Fifteen minutes of fame might not be much -- unless you're a fish, in which case that flash of notoriety is more than you had a right to expect in the first place.

Variously described as "alien monsters," "the stuff of nightmares," and "something from a bad horror movie," they are said to eat human flesh and attack without provocation. In the U.S of A, they are considered such a serious threat to the national welfare that officials have proposed banning the so-called "vicious predators". 

No, we're not talking about lawless corporate executives here. The reviled species du jour is actually Channa Argus or "northern snakehead fish," a freshwater-dwelling meat-eater native to southeast Asia and found unexpectedly proliferating in some pond in the U.S in 2002. How did this aggressive air breathing fish that is native to the Yangtze river in China end up there? 
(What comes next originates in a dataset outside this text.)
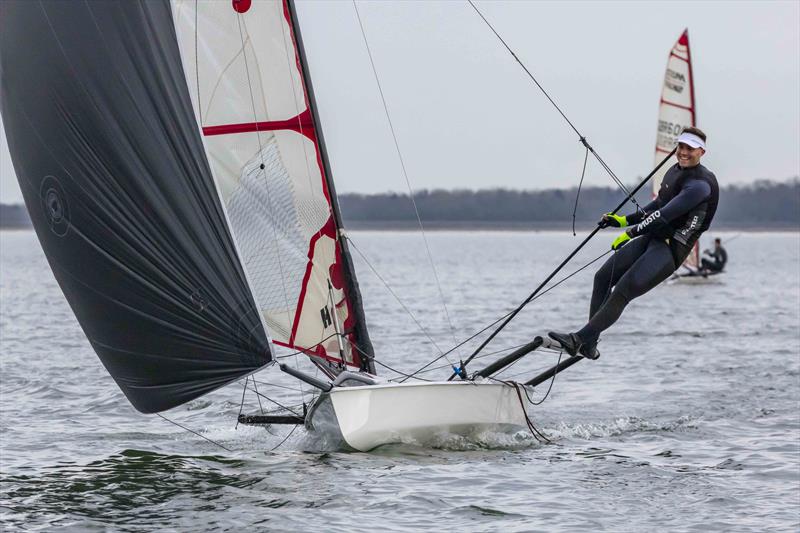 Bill Maughan in the Musto Skiffs at the 2023 Ovington Inlands photo copyright Tim Olin / www.olinphoto.co.uk taken at Grafham Water Sailing Club and featuring the Musto Skiff class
Because northern snakeheads are quite tasty and can live for up to three days out of water, they are often shipped live to fish markets. What better way to ensure fresh fish? Two years ago a New York seafood dealer sold a pair of live snakeheads to a fish enthusiast who originally intended to make them into soup. Instead of the soup kettle he put them in an aquarium. That's when the rest of the trouble began. 
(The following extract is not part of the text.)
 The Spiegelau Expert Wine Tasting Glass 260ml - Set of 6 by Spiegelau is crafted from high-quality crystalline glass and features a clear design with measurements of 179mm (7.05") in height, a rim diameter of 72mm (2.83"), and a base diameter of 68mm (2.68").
Before long the pair outgrew their aquarium, and ate their way through their owners pocketbook. Rather than mortgage his home to buy feeder goldfish, he elected to divest himself of the ravenous fish by dumping them in a pond behind the local strip mall. The snakeheads found they had hit pay dirt. Their new home was teaming with tasty sunfish and bluegills. The carnivorous snakeheads, which can grow to three feet in length, have no natural enemies in any states in the U.S.A. So its easy living and bountiful food swelled the snakehead population into the hundreds.

The unsightly creature, dubbed "Frankenfish" by the media, walks on dry land and can reputedly survive out of water for as long as three days. Well, of course the Americans seem to find the idea of a walking fish particularly disturbing — why, I don't know. Perhaps it smacks too much of evolution, another item high on their list of Dangerous Things That Must Be Banned.

What's ironic is that even as American scientists plotted to exterminate the fearsome beast in, large-scale artificial breeding projects were underway in China and neighboring countries to meet a growing demand for snakehead meat throughout Asia, where it's valued as both a soup ingredient and a folk remedy. Singapore alone imports more than 1,200 tons of northern snakehead a year. Locals there, who prize it in noodle dishes and wound-healing salves, are said to be "amused" by the outbreak of snakehead fish hysteria in the United States. To tell you the truth, I'm pretty amused myself haha! I like the fish. It's nice.

Even homegrown fish experts balk. In reality, they say, the northern snakehead fish can only survive out of water for a few hours; its "walk" is really more of a wriggle; it's known for being rather sedentary in its natural habitat and doesn't wander far; and it won't eat your pets, let alone you. 

Not that its presence doesn't pose an environmental problem — it does, like that of many other non-native species taking root in the U.S. It's just that the humble snakehead has suffered more than its fair share of media hype and bureaucratic zeal since its discovery here. This has been more Hollywood than science. As for the snakehead owner who dumped them in the pond in the first place, he's probably wishing he'd decided to make soup after all.